The more detailed the arbitration agreement, the more time is saved for the parties in the subsequent resolution process, which can be detailed from the arbitration center, the standards of the arbitrator, the location of arbitration, the language of arbitration...

Secondly, regarding the selection of Arbitrators: Participating parties need to actively select Arbitrators, through carefully studying the nature of the dispute and related issues such as the language of arbitration, applicable law to choose a suitable Arbitrator, paying special attention to the issue of professional expertise, place of residence, and foreign language ability of the Arbitrator. When a suitable Arbitrator has been selected, it is possible to proactively contact the Arbitrator in advance, to prevent the case where the Arbitrator, for personal reasons or has been and is participating in resolving too many other cases, cannot participate in this case, leading to passivity in choosing an Arbitrator in the later stage.

Thirdly, regarding the preparation of costs to participate in arbitration proceedings: The parties can refer to the initial costs according to the formula publicly posted on the website of the Arbitration Centers. However, note that, in addition to the costs according to the value of the dispute that has been determined at the time of filing the Petition/Counter-claim, during the dispute resolution process, there are also costs related to travel, accommodation of the Arbitrators, appraisal costs, expert consultation costs... If the party requests, is assigned by the Arbitral Tribunal to pay the costs but does not have enough financial capacity to pay within the required time limit, the case may be suspended from resolution.
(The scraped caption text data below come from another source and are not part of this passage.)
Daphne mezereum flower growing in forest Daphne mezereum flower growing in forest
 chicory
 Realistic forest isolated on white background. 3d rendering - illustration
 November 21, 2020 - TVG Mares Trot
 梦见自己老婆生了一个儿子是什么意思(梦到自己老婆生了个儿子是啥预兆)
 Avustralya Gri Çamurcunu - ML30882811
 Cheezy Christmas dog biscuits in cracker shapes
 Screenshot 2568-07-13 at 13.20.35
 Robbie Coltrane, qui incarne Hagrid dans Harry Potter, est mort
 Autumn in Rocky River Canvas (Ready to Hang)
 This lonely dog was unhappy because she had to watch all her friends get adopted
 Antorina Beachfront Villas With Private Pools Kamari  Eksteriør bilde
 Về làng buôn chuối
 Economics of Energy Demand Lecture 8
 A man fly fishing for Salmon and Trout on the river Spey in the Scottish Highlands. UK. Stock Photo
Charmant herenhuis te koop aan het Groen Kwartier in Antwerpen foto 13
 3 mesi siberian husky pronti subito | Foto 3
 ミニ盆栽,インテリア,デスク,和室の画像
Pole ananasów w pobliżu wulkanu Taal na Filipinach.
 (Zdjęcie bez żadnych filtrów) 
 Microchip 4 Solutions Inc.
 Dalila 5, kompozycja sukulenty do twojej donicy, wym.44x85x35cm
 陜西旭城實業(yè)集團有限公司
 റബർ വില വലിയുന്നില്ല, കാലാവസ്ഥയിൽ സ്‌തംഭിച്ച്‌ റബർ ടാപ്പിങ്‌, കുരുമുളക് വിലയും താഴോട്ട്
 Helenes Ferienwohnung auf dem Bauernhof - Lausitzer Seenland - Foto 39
Therefore, the advice for the parties when participating in arbitration proceedings is to always anticipate the costs that may arise and be prepared for these expenses.

Fourthly, regarding attending dispute resolution hearings: When using the arbitration method, the parties need to attend the hearings fully, because from the first absence without a valid reason, the rights of the parties will be seriously affected. In case of a valid reason that cannot attend the hearing, the parties need to collect sufficient objective evidence to prove, such as emergency records at the hospital... to submit to the Arbitral Tribunal. In case although it is a valid reason but cannot be proven, the parties can authorize others to attend the hearing on their behalf.

With outstanding advantages, especially in resolving international commercial disputes, Commercial Arbitration is increasingly being chosen by organizations and businesses more right from the process of negotiation and conclusion of transaction contracts. Brandco hopes that, with the analysis and recommendations mentioned above, it will help organizations/individuals better understand this dispute resolution method, proactively take advantage of all the flexible factors, beneficial points, to optimize costs and time, effort, and best protect their legitimate rights and interests in disputes.